*** Opening of SOURCE DATA ***
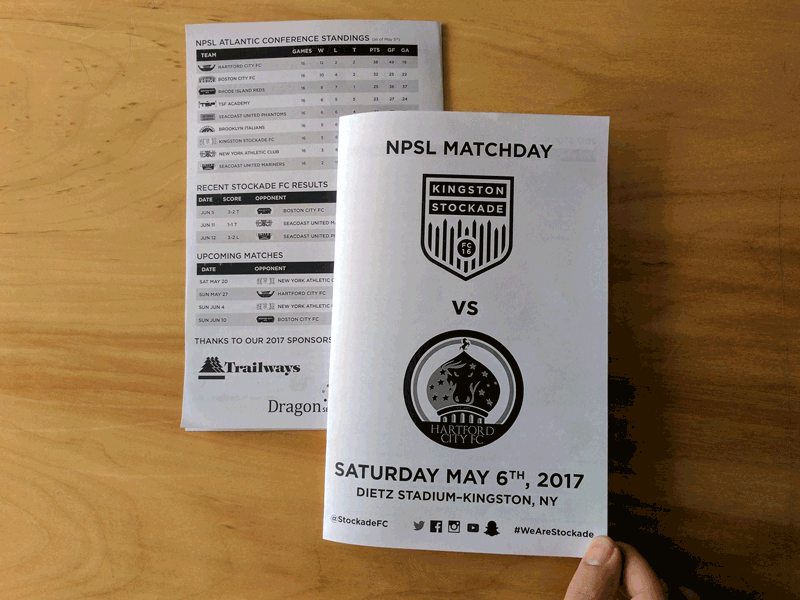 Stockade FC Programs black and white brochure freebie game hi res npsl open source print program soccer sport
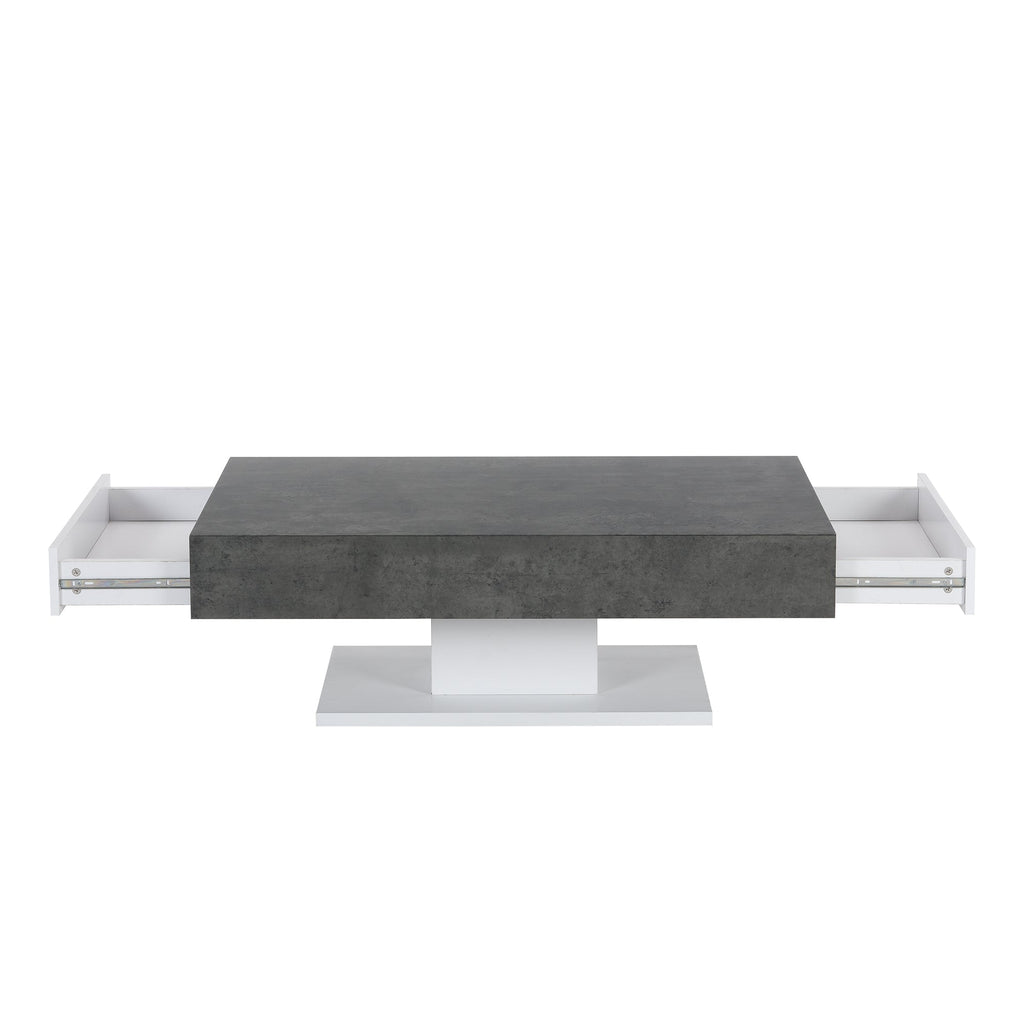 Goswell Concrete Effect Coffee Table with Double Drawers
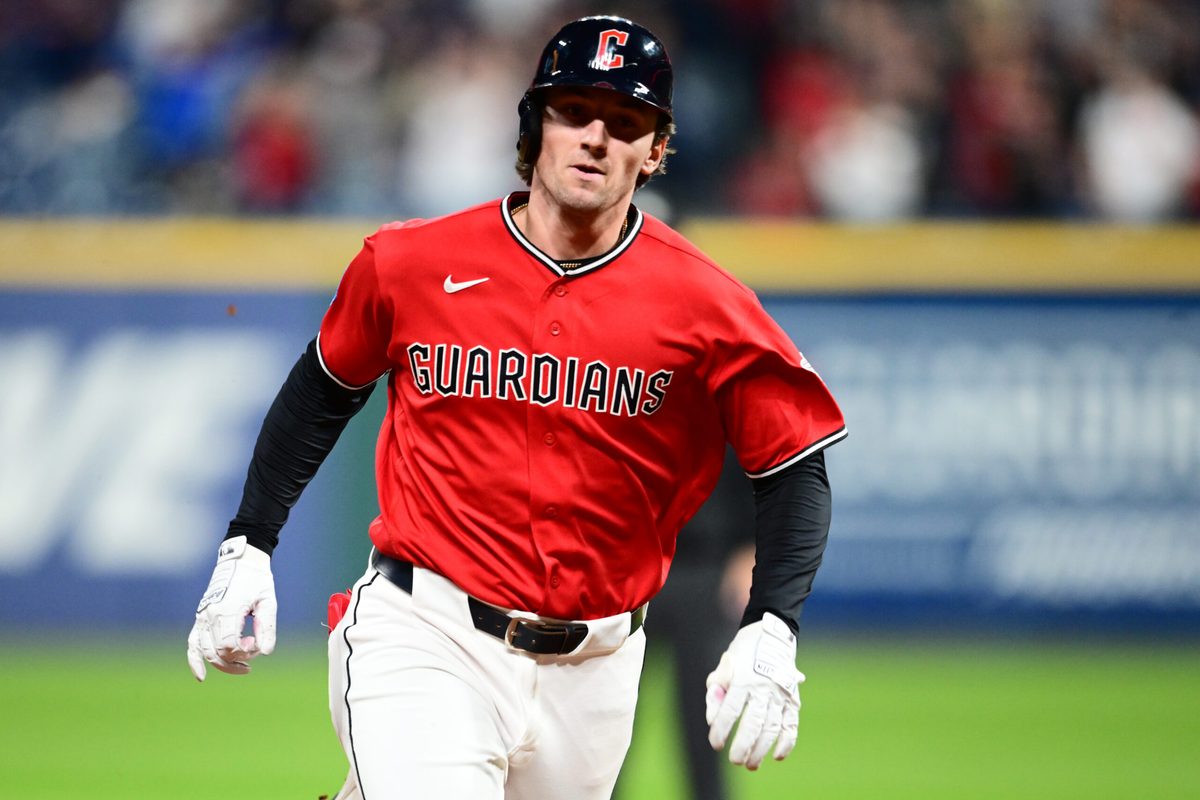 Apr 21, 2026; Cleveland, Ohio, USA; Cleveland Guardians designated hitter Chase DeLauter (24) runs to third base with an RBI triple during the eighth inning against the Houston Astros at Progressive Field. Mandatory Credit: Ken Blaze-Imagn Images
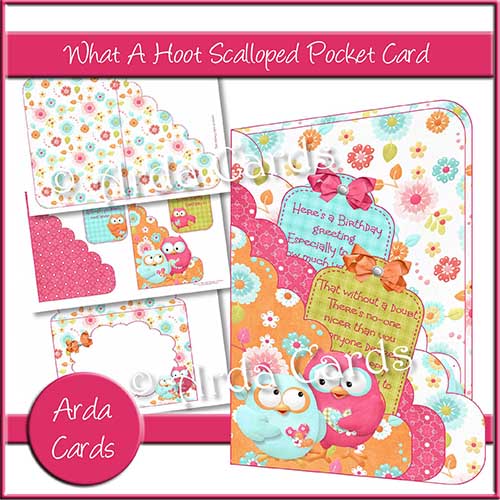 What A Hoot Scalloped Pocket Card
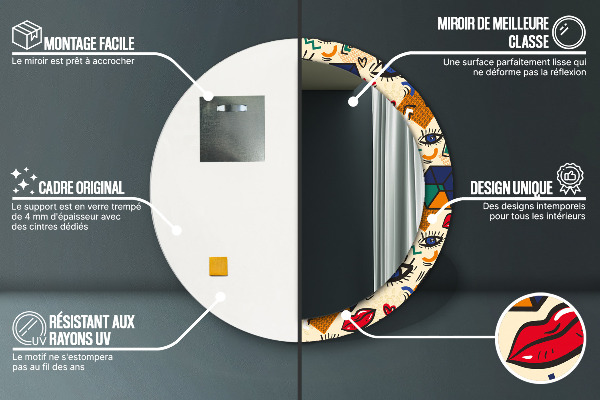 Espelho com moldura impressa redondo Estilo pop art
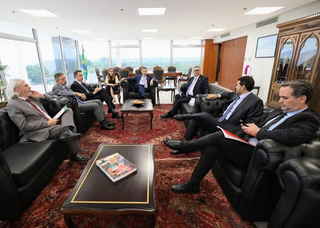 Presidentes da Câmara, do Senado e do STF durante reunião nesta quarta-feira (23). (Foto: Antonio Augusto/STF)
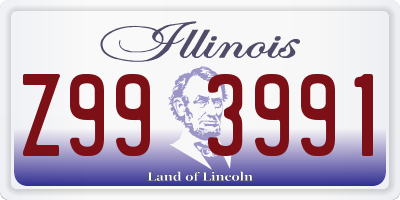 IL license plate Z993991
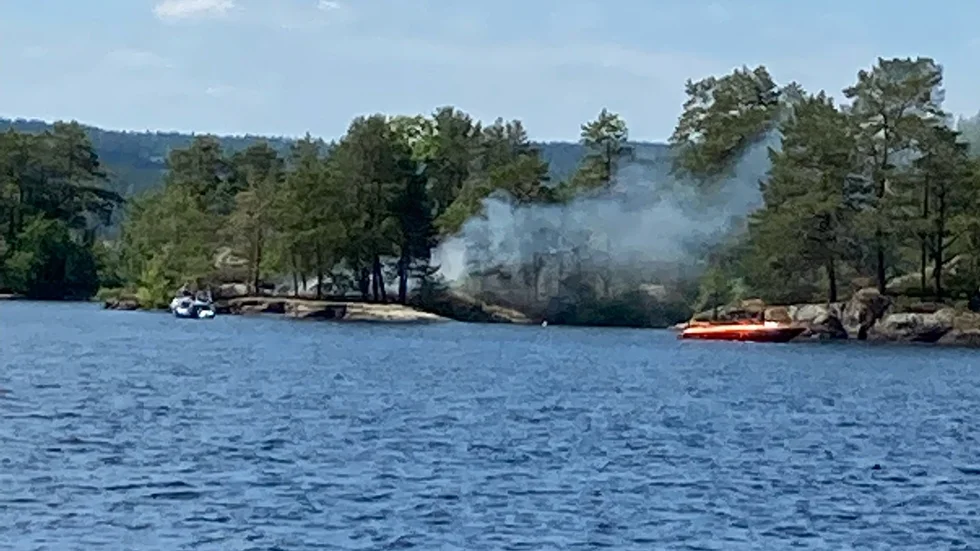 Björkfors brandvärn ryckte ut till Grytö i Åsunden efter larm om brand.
*** Close of SOURCE DATA ***
- [WHAT TO DO] From the first line above down to the line with "What A Hoot Scalloped Pocket Card", reproduce every line and no others, omitting pictures.

- [SOLUTION TO THE EXERCISE]
 Stockade FC Programs black and white brochure freebie game hi res npsl open source print program soccer sport
 Goswell Concrete Effect Coffee Table with Double Drawers
 Apr 21, 2026; Cleveland, Ohio, USA; Cleveland Guardians designated hitter Chase DeLauter (24) runs to third base with an RBI triple during the eighth inning against the Houston Astros at Progressive Field. Mandatory Credit: Ken Blaze-Imagn Images
 What A Hoot Scalloped Pocket Card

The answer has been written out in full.